In Greece, on 5 May 2010, a general national strike comprising myriad demonstrations was sparked by plans to cut public spending in response to the sovereign debt crisis. Athens became ground zero to massive insurrection. Protesters stormed the parliament building, offices of the finance ministry were set ablaze, and several banks were firebombed. Riot police expeditiously ended this uprising the same day it began.
In Bangkok, Thailand, from 13 May, red-shirted proponents of the National United Front of Democracy Against Dictatorship engaged in urban warfare with the Thai Army. On face value, the redshirts took up arms to protest at an underhanded political procedure. The Thai military brought the uprising to an unceremonious end on 19 May.
Both events were attempts at revolution, at a drastic overhaul of interrelated political and economic systems, or at least the deposition of those who straddle such systems — and both were subdued by military force. If we sift through the rubble in both Athens and Bangkok, clues about the activity of revolution as an imminent force in today’s politics may very well surface.
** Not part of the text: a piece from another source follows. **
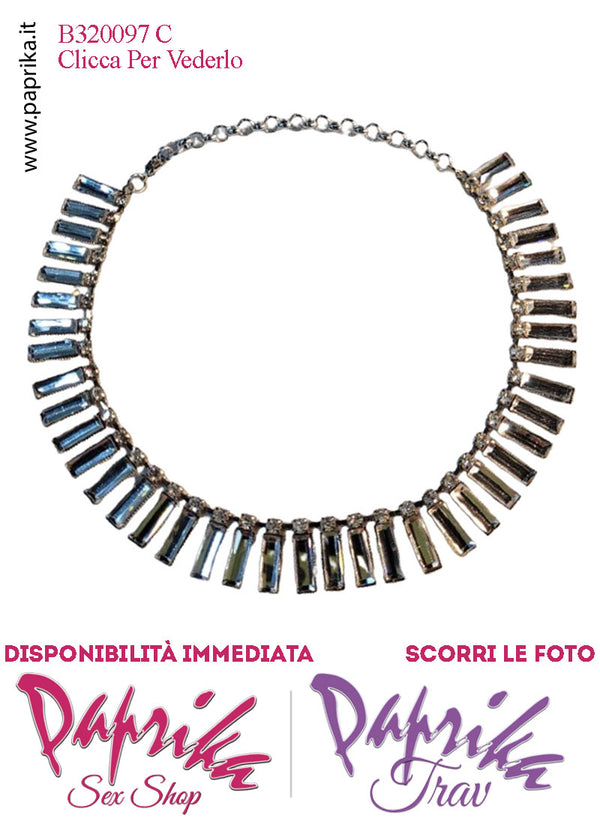 Collana Girocollo Strass Rettangolari Vetro Trasparente Catenina Argento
Vladimir Lenin said that "a revolution is impossible without a revolutionary situation; furthermore, not every revolutionary situation leads to revolution." Though there hasn’t been a revolution in Bangkok or Athens, I sense that what we are witnessing is the proliferation of revolutionary situations. But what does this mean?
A revolutionary situation is that which holds the potential for a full-scale revolution: a set of political and economic circumstances prone to their own destruction. With majorities in both Greece and Thailand suffering acute economic pressure, and with political consciousness crystallised on a desire for alternatives, Athens and Bangkok stand as revolutionary situations of the first order.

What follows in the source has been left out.